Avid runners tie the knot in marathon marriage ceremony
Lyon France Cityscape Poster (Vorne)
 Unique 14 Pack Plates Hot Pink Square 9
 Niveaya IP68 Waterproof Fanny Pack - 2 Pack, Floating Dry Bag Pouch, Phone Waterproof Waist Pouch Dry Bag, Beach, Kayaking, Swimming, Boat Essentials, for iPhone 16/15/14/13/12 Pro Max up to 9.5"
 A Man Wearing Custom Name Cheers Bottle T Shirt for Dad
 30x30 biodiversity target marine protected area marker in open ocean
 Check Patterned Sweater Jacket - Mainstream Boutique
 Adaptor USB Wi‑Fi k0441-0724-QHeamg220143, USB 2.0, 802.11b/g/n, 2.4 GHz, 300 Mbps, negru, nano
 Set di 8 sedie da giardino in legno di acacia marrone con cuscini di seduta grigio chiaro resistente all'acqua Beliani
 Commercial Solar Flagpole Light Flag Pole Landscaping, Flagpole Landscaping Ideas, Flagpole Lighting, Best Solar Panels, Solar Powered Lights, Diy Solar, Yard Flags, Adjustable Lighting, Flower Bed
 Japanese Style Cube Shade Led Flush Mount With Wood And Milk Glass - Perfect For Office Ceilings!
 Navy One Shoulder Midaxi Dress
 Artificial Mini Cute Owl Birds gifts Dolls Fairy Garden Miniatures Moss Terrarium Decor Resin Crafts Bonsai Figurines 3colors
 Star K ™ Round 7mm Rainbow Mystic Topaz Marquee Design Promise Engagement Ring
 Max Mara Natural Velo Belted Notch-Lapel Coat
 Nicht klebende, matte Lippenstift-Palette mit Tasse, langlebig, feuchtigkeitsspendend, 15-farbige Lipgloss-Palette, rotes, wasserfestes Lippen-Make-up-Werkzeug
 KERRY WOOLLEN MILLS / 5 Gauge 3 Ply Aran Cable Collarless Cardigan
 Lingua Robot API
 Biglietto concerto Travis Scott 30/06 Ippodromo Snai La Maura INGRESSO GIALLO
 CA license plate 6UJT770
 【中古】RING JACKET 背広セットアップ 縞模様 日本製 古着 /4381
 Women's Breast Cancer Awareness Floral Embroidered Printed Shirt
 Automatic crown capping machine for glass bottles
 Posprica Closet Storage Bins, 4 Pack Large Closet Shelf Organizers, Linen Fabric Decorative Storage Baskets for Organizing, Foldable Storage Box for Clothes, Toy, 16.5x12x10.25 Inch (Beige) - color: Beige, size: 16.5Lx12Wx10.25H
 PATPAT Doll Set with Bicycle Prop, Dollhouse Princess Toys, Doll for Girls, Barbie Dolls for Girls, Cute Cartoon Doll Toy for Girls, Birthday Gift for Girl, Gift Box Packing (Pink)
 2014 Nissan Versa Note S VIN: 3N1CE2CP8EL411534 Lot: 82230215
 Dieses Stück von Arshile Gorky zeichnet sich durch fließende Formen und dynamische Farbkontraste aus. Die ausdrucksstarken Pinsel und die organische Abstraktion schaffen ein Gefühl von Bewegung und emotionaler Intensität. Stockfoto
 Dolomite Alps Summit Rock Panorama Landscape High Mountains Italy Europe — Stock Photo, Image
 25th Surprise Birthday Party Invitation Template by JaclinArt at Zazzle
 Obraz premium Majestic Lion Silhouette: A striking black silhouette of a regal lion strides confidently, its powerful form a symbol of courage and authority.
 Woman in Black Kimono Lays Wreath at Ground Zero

• **TASK REQUIREMENTS**
Retype only the lines running from the line with "Star K ™ Round" to the end of the listing, including both of those lines.

• **ANSWER SECTION**
 Star K ™ Round 7mm Rainbow Mystic Topaz Marquee Design Promise Engagement Ring
 Max Mara Natural Velo Belted Notch-Lapel Coat
 Nicht klebende, matte Lippenstift-Palette mit Tasse, langlebig, feuchtigkeitsspendend, 15-farbige Lipgloss-Palette, rotes, wasserfestes Lippen-Make-up-Werkzeug
 KERRY WOOLLEN MILLS / 5 Gauge 3 Ply Aran Cable Collarless Cardigan
 Lingua Robot API
 Biglietto concerto Travis Scott 30/06 Ippodromo Snai La Maura INGRESSO GIALLO
 CA license plate 6UJT770
 【中古】RING JACKET 背広セットアップ 縞模様 日本製 古着 /4381
 Women's Breast Cancer Awareness Floral Embroidered Printed Shirt
 Automatic crown capping machine for glass bottles
 Posprica Closet Storage Bins, 4 Pack Large Closet Shelf Organizers, Linen Fabric Decorative Storage Baskets for Organizing, Foldable Storage Box for Clothes, Toy, 16.5x12x10.25 Inch (Beige) - color: Beige, size: 16.5Lx12Wx10.25H
 PATPAT Doll Set with Bicycle Prop, Dollhouse Princess Toys, Doll for Girls, Barbie Dolls for Girls, Cute Cartoon Doll Toy for Girls, Birthday Gift for Girl, Gift Box Packing (Pink)
 2014 Nissan Versa Note S VIN: 3N1CE2CP8EL411534 Lot: 82230215
 Dieses Stück von Arshile Gorky zeichnet sich durch fließende Formen und dynamische Farbkontraste aus. Die ausdrucksstarken Pinsel und die organische Abstraktion schaffen ein Gefühl von Bewegung und emotionaler Intensität. Stockfoto
 Dolomite Alps Summit Rock Panorama Landscape High Mountains Italy Europe — Stock Photo, Image
 25th Surprise Birthday Party Invitation Template by JaclinArt at Zazzle
 Obraz premium Majestic Lion Silhouette: A striking black silhouette of a regal lion strides confidently, its powerful form a symbol of courage and authority.
 Woman in Black Kimono Lays Wreath at Ground Zero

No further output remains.